That is fine with me. Anyone else have any preferences on these?

We do already have union capabilities with the type property. You can
write your example above like:

{
"type": [
{
"properties": {

{ "name": "town" },
{ "name": "state" }
}
},
{

"properties": {

{ "name": "state", "optional": "true" }
}
}
]
}

> The following is how I think example 3 above could be handled.
>
> {
> "type": "array",
> "items": [
> { "type": { "$ref": /*ref to type A*/} },
> { "choice": [
> { "group": [
> { "type": { "$ref": /*ref to type B*/}, "optional": "true" },
> { "type": { "$ref": /*ref to type C*/} },
> ] },
> { "group": [
> { "type": { "$ref": /*ref to type D*/} },
> { "type": { "$ref": /*ref to type E*/} },
> ] }
> ] }
> ]
> }
>
>

This could also be done with a union type by creating two separate tuple
definitions.

> (In rereading this, the "ref to type" stuff is not clear. I'm trying
> to refer to a type defined elsewhere by name. Perhaps I want extends.
> I'm trying to reuse a type definition and at the same time add
> attributes such as optional that apply to the item.)
>
> I don't think additionalProperties should apply to arrays. First, the
> name is misleading since this is an array not an object. Second, if
> the instance can be an array or an object then this property could
> apply differently to each. If additionalProperties allows additional
> arbitrary items in the tuple array how do you keep the correspondence
> between the schema array and the instance array?
>
> I think choice and group can do more than additionalProperties. To
> allow additional arbitrary items just include a type: any item. Also
> minItems and maxItems should refer to repetitions of the item.
>

It does seem reasonable to not have additionalProperties apply to array
items, and use minItems and maxItems in the tuple item definitions
instead. I don't know that I see the complexity of choice+group is worth
the advantage it provides, the need for it seems much rarer.

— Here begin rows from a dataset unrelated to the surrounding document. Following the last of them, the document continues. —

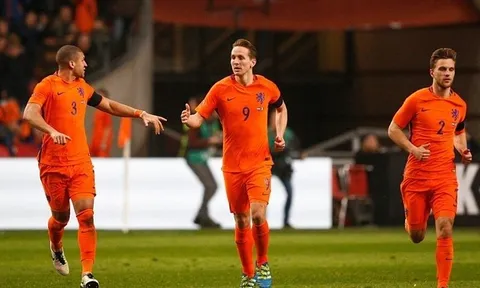 Hà Lan 4-1 Belarus (vòng loại World Cup)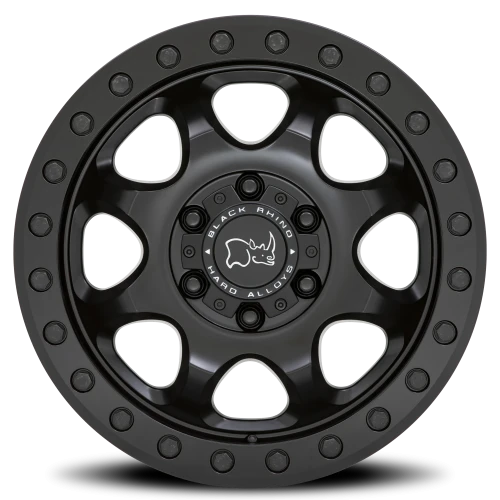 Black Rhino Venture BK 17x8 +38 6x130mm 84.1mm Matte Black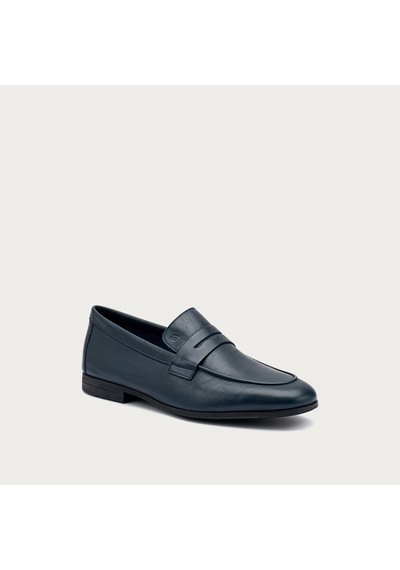 Blu Oxford / Klasik Erkek 34m5 Frau Mousse Nero Mavi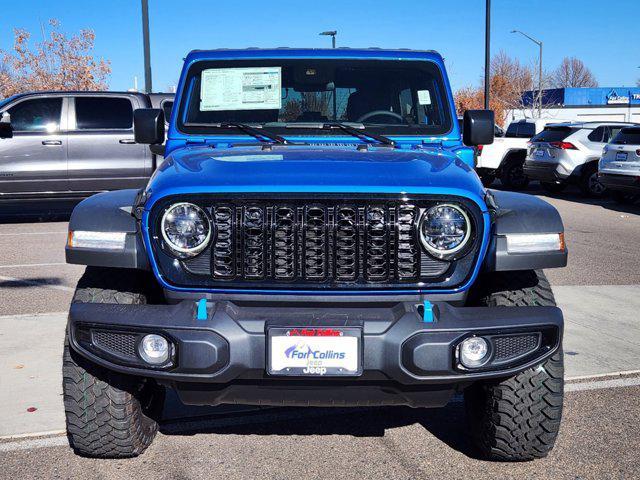 new 2024 Jeep Wrangler 4xe car, priced at $55,809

> Example 2 above could be handled like this:
>
> {
> "type": "array",
> "items": [
> { "type": { "$ref": /*ref to type foo*/}, "minItems": 1,
> "maxItems": 3 },
> { "type": { "$ref": /*ref to type bar*/}, "minItems": 0},
> ]
> }
>
> The optional attribute could also apply to items in an array. It would
> be short hand for minItems: 0 maxItems: 1.
>
> Example 4 – repeating groups of items in an array:
>
> {
> "type": "array",
> "items": [
> { minItems: 0,
> maxItems: -1, // means unlimited
> group: [
> { "type": “string”, "minItems": 1, "maxItems": 3 },
> { "type": “object”, "minItems": 0}
> ]
> }
> ]
> }
>
>

--